Concluding Remarks and Perspectives

A tumor is a very complex structure, and as evident from this review not only the type of infiltrating cells are important by also the location, and moreover the specific phenotype and function of that cells in the particular environment. This is a major challenge for our understanding of lymphocyte infiltration and the impact on clinical outcome. Furthermore signatures of infiltration differ between different cancer types – and it is likely that infiltration patterns are as heterogeneous as recently observed for the mutation pattern in RCC. There seems to be a consensus that CD8 infiltration is a good prognostic marker in most malignancies analysed – however the impact of CD8 T cells on clinical outcome may differ and is difficult to quantify. New initiatives like the immunoscore assessment will enable us to better understand this impact.
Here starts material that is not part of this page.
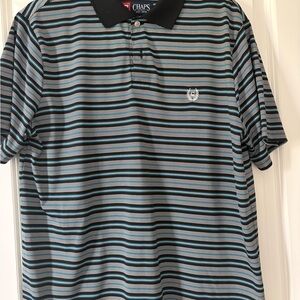 Chaps Men’s Black, Light Blue & Gray Striped Polo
Lymphocyte infiltration has gained increasing interest with the approval/testing of anti-CTLA4, PD1, and PD-L1 antibodies, as these may not only put a block on immune suppression but also influence the microenvironment to increase T-cell infiltration. Clinical efficacy of these therapies is likely to depend on the ability to induce T-cell infiltration – and as a potential biomarker for response it will likely be critical to evaluate these criteria in future therapeutic trials.

The new developments in the field; immunoscope, ACT based on TIL, as well as of the use of antibodies to unleash T cell reactivity to tumors bring hope that increased insight into the complex cellular and molecular interactions in the tumor will pave the way for development of new treatment strategies that build on the biological characteristics of the tumor microenviroment.